_Exercise aim:_ Carry over every entry exactly as written, though not the pictures it contains.

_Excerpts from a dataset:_
======

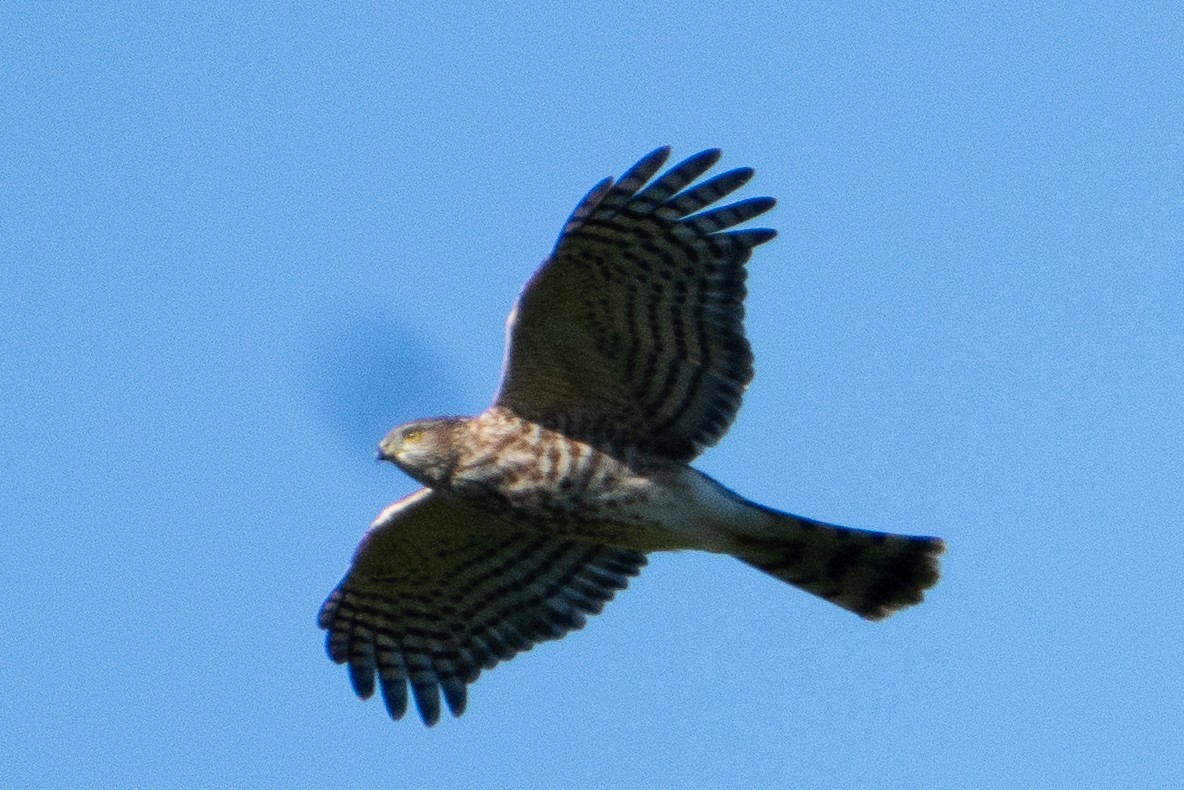 Azor/Gavilán sp.  (Accipiter sp.) - ML642160077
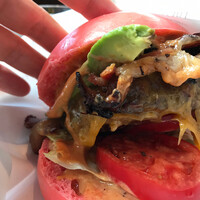 オーク ドア -  オーク ドア -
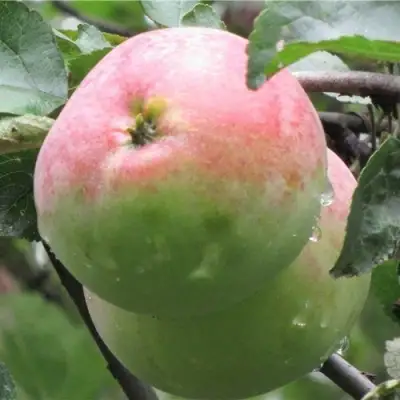 Яблоня МОСКОВСКОЕ ЗИМНЕЕ в Гродно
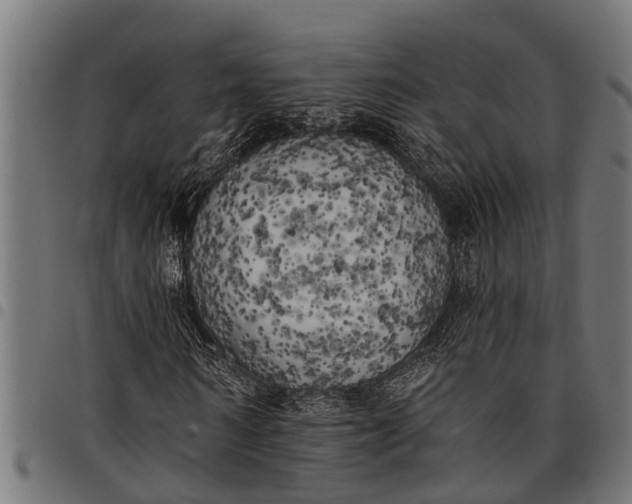 X0000097810962200803281055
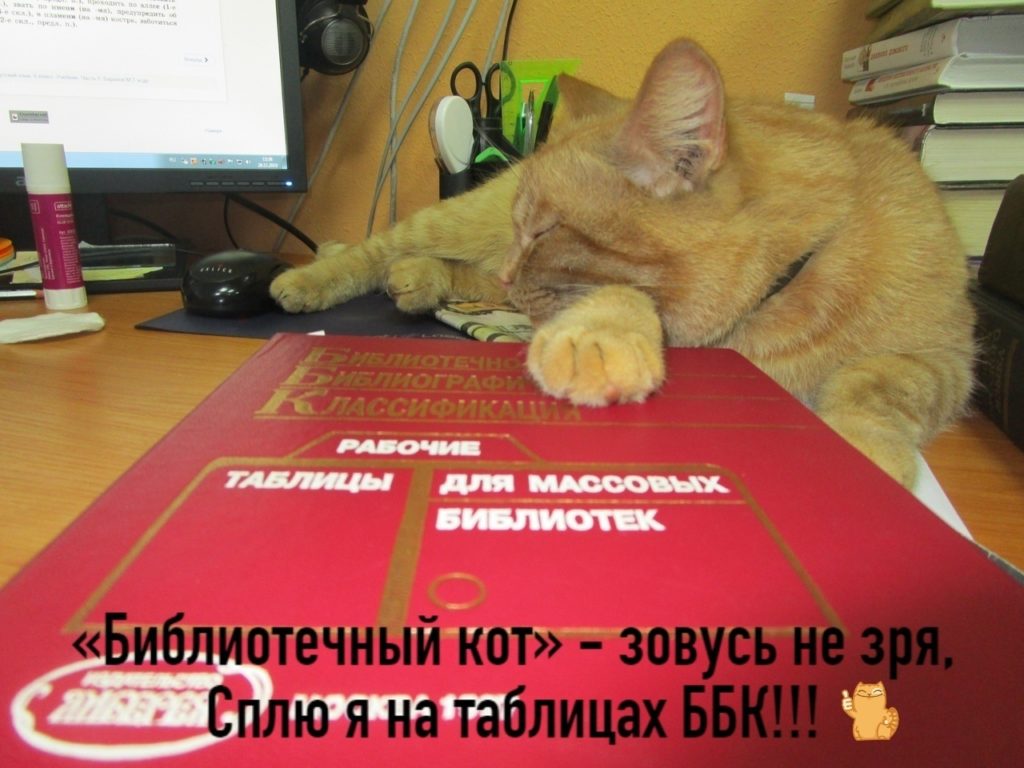 Работающий в библиотеке Тверской области кот Степан просит проголосовать за него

======

_Your solution:_
 Azor/Gavilán sp.  (Accipiter sp.) - ML642160077
 オーク ドア -  オーク ドア -
 Яблоня МОСКОВСКОЕ ЗИМНЕЕ в Гродно
 X0000097810962200803281055
 Работающий в библиотеке Тверской области кот Степан просит проголосовать за него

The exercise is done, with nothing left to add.